Lot size refers to a fixed number of units of the asset that form part of a single Future and Option (F&O) contract. Lot size are different for each stock and is decided by the exchange on which the stock is traded. E.g. F&O contract for Bank Nifty have a lot size of 40 shares per contract.
Open Interest refers to the total number of outstanding positions on a particular options contract across all participants in the market at any given point of time. Open Interest becomes nil past the expiration date for a particular contract.
American and European Option:
The terms ‘American’ and ‘European’ refer to the type of asset in an options contract and when it can be executed.
American options are Options that can be executed at any time on or before their expiration date. European options are Options that can only be executed on the expiration date.
*Note: In Indian Market only European type of options are available for trading.
Types Of Option Trading
As described earlier, Options are of two types, the Call Option and the Put Option.
The Call Option gives the holder of the option the right to buy a particular asset at the strike price on or before the expiration date in return for a premium paid upfront to the seller. Call options usually become more valuable as the value of the underlying asset increases. A call option buyer can also be an put option seller.

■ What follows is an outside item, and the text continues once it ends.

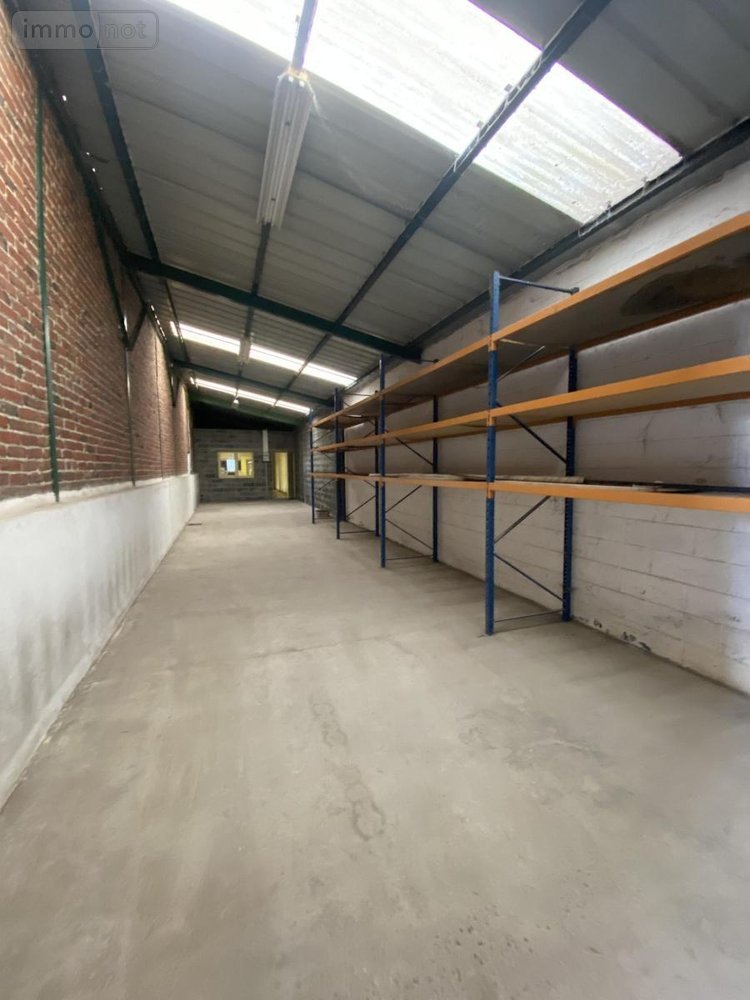 Location fonds et murs commerciaux Proville 59267 Nord 587 m2  2500 euros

The Put Option gives the holder the right to sell a particular asset at the strike price anytime on or before the expiration date in return for a premium paid up front. Since you can sell a stock at any given point of time, if the spot price of a stock falls during the contract period, the holder is protected from this fall in price by the strike price that is pre-set. This explains why put options become more valuable when the price of the underlying stock falls. A put option seller can also be an call option buyer.